_Data for review_.
++++++++++++++++++++
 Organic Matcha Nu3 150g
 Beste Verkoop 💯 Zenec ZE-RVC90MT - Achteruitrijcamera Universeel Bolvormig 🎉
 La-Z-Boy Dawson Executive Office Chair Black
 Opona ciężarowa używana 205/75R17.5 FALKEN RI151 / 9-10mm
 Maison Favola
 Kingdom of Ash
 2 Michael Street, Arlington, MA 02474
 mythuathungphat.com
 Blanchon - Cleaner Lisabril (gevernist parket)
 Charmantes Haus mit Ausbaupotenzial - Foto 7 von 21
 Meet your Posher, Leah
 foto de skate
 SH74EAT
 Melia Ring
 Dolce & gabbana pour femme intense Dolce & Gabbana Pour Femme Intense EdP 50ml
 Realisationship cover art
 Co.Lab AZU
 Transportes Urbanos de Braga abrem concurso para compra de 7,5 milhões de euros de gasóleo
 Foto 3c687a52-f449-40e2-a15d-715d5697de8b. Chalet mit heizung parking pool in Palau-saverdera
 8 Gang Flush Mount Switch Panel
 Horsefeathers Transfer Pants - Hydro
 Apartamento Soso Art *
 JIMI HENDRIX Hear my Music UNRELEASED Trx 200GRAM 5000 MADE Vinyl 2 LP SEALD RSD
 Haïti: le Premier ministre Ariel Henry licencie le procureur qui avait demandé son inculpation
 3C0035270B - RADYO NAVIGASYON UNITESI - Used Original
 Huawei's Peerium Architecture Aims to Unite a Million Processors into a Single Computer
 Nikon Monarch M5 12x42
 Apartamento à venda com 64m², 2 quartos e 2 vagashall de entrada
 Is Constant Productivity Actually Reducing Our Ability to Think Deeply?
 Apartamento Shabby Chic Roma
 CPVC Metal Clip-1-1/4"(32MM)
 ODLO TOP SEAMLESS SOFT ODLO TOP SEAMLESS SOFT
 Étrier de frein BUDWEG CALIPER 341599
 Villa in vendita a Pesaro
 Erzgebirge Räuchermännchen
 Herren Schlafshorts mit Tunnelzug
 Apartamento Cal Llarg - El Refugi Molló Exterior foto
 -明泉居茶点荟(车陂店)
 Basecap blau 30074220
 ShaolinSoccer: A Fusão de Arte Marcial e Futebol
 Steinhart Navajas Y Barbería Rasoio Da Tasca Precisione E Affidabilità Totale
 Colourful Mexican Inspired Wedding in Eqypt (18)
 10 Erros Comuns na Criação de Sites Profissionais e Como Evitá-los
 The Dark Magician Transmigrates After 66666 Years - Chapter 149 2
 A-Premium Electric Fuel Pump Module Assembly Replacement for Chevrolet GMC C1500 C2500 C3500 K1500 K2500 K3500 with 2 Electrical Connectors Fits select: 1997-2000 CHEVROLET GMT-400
++++++++++++++++++++
_Try it_. Every record must be transcribed precisely, down to the last character.

_Written response_.
 Organic Matcha Nu3 150g
 Beste Verkoop 💯 Zenec ZE-RVC90MT - Achteruitrijcamera Universeel Bolvormig 🎉
 La-Z-Boy Dawson Executive Office Chair Black
 Opona ciężarowa używana 205/75R17.5 FALKEN RI151 / 9-10mm
 Maison Favola
 Kingdom of Ash
 2 Michael Street, Arlington, MA 02474
 mythuathungphat.com
 Blanchon - Cleaner Lisabril (gevernist parket)
 Charmantes Haus mit Ausbaupotenzial - Foto 7 von 21
 Meet your Posher, Leah
 foto de skate
 SH74EAT
 Melia Ring
 Dolce & gabbana pour femme intense Dolce & Gabbana Pour Femme Intense EdP 50ml
 Realisationship cover art
 Co.Lab AZU
 Transportes Urbanos de Braga abrem concurso para compra de 7,5 milhões de euros de gasóleo
 Foto 3c687a52-f449-40e2-a15d-715d5697de8b. Chalet mit heizung parking pool in Palau-saverdera
 8 Gang Flush Mount Switch Panel
 Horsefeathers Transfer Pants - Hydro
 Apartamento Soso Art *
 JIMI HENDRIX Hear my Music UNRELEASED Trx 200GRAM 5000 MADE Vinyl 2 LP SEALD RSD
 Haïti: le Premier ministre Ariel Henry licencie le procureur qui avait demandé son inculpation
 3C0035270B - RADYO NAVIGASYON UNITESI - Used Original
 Huawei's Peerium Architecture Aims to Unite a Million Processors into a Single Computer
 Nikon Monarch M5 12x42
 Apartamento à venda com 64m², 2 quartos e 2 vagashall de entrada
 Is Constant Productivity Actually Reducing Our Ability to Think Deeply?
 Apartamento Shabby Chic Roma
 CPVC Metal Clip-1-1/4"(32MM)
 ODLO TOP SEAMLESS SOFT ODLO TOP SEAMLESS SOFT
 Étrier de frein BUDWEG CALIPER 341599
 Villa in vendita a Pesaro
 Erzgebirge Räuchermännchen
 Herren Schlafshorts mit Tunnelzug
 Apartamento Cal Llarg - El Refugi Molló Exterior foto
 -明泉居茶点荟(车陂店)
 Basecap blau 30074220
 ShaolinSoccer: A Fusão de Arte Marcial e Futebol
 Steinhart Navajas Y Barbería Rasoio Da Tasca Precisione E Affidabilità Totale
 Colourful Mexican Inspired Wedding in Eqypt (18)
 10 Erros Comuns na Criação de Sites Profissionais e Como Evitá-los
 The Dark Magician Transmigrates After 66666 Years - Chapter 149 2
 A-Premium Electric Fuel Pump Module Assembly Replacement for Chevrolet GMC C1500 C2500 C3500 K1500 K2500 K3500 with 2 Electrical Connectors Fits select: 1997-2000 CHEVROLET GMT-400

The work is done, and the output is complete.